▶ [TASK OBJECTIVE] Data follows below. Repeat exactly the lines between the line holding "Vlag Bad Salzungen 150x225cm" and the line holding "观赏鱼蹭个痒痒我们也大惊小怪的,这样怎能养好鱼呢?_", inclusive, and nothing more; drop pictures.

▶ [SUPPLIED ENTRIES]
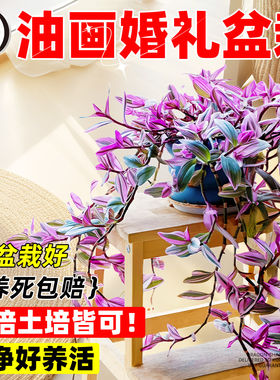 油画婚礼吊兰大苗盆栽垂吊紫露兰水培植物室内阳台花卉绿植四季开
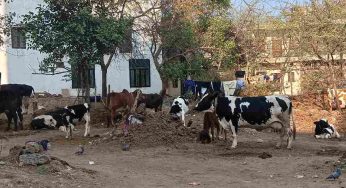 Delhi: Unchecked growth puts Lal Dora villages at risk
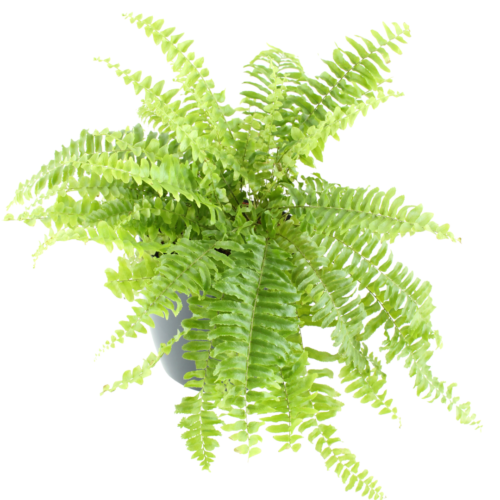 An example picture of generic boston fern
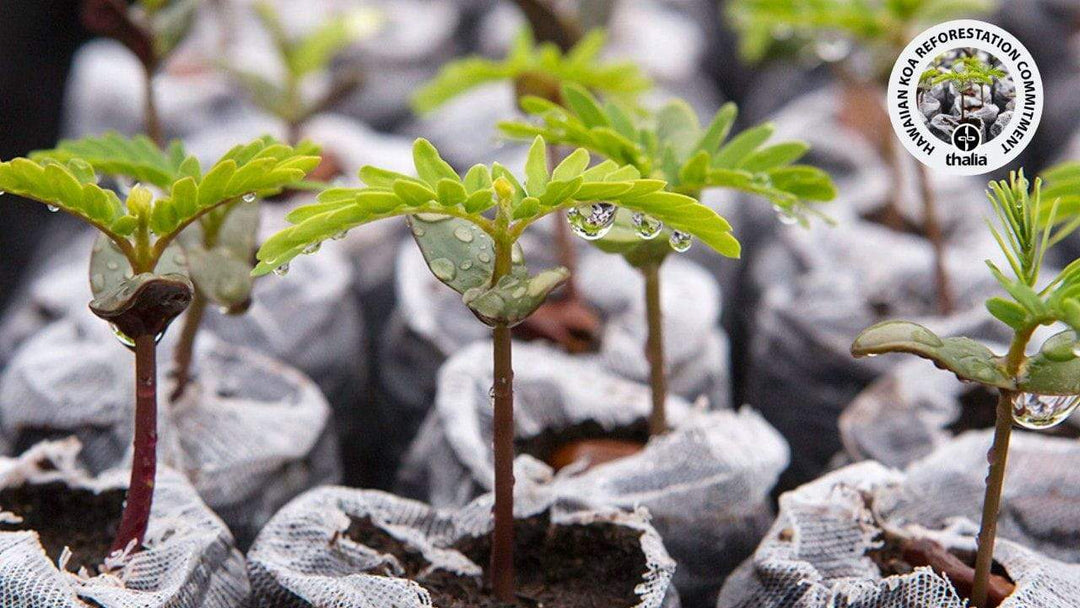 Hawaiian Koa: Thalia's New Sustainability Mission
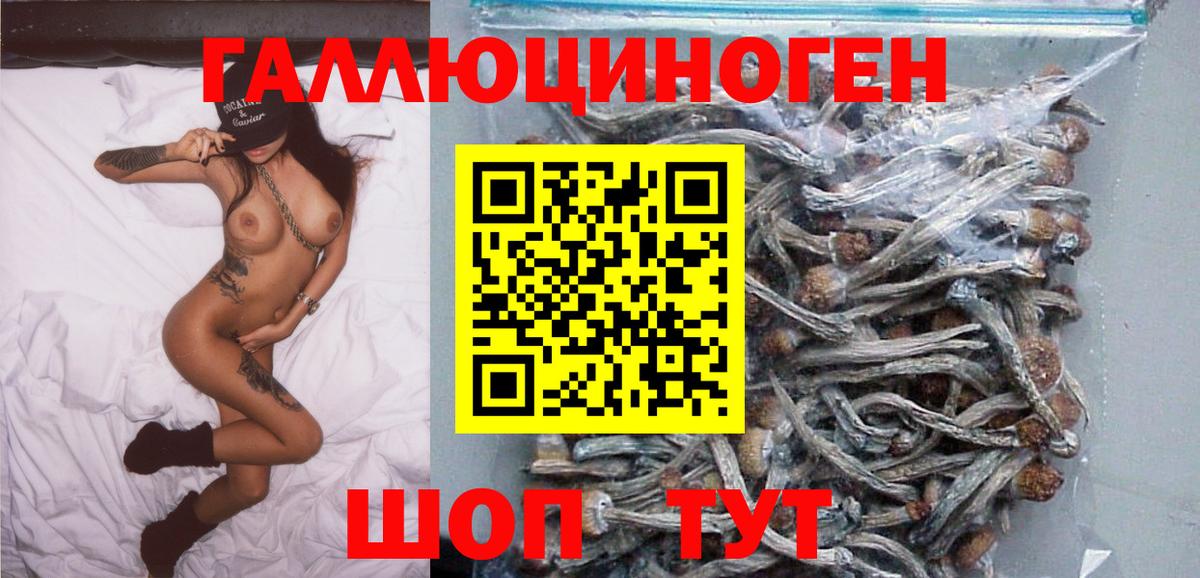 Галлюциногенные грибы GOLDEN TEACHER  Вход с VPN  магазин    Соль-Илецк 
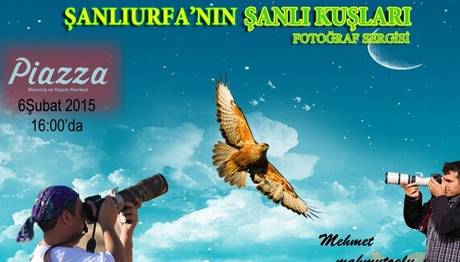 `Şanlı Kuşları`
...
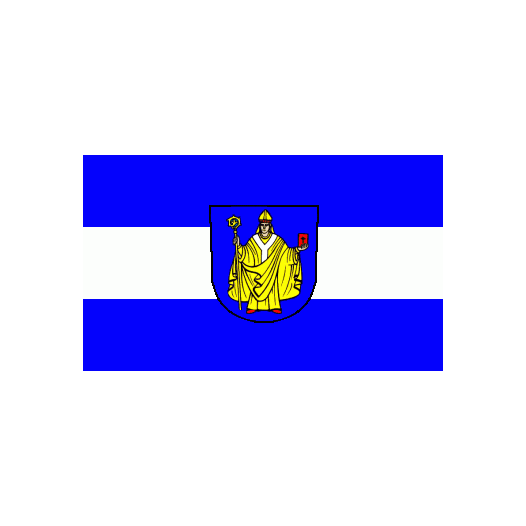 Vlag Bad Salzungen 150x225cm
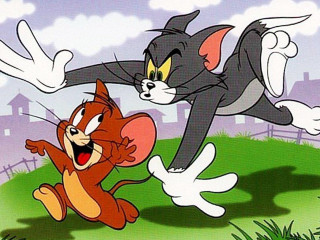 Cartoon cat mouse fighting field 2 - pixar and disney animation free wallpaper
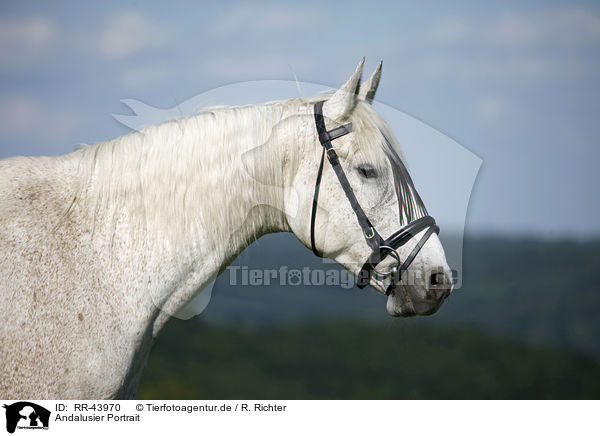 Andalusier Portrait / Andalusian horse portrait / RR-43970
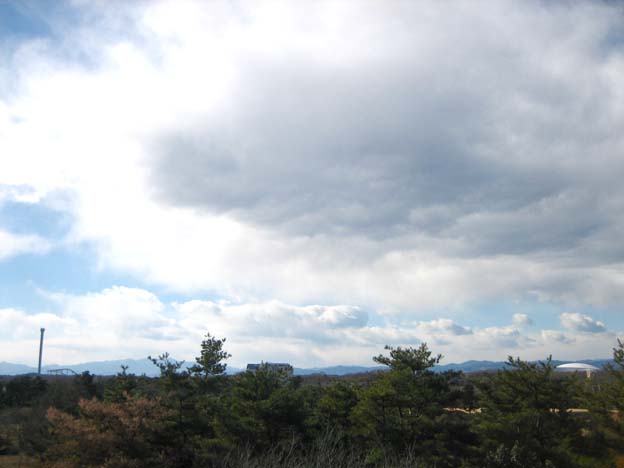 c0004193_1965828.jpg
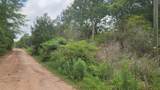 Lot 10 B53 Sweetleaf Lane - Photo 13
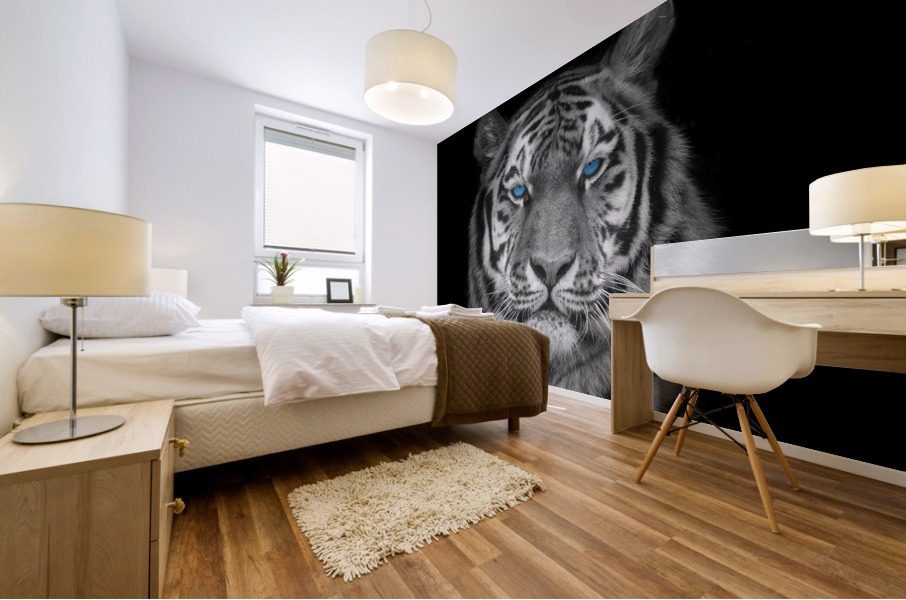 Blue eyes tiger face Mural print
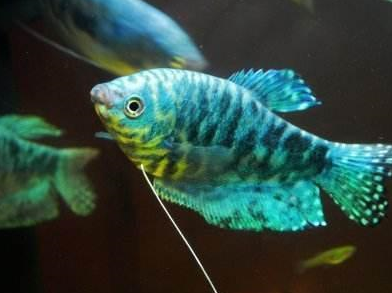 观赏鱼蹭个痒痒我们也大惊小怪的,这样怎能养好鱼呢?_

▶ [EXERCISE OUTPUT]
 Vlag Bad Salzungen 150x225cm
 Cartoon cat mouse fighting field 2 - pixar and disney animation free wallpaper
 Andalusier Portrait / Andalusian horse portrait / RR-43970
 c0004193_1965828.jpg
 Lot 10 B53 Sweetleaf Lane - Photo 13
 Blue eyes tiger face Mural print
 观赏鱼蹭个痒痒我们也大惊小怪的,这样怎能养好鱼呢?_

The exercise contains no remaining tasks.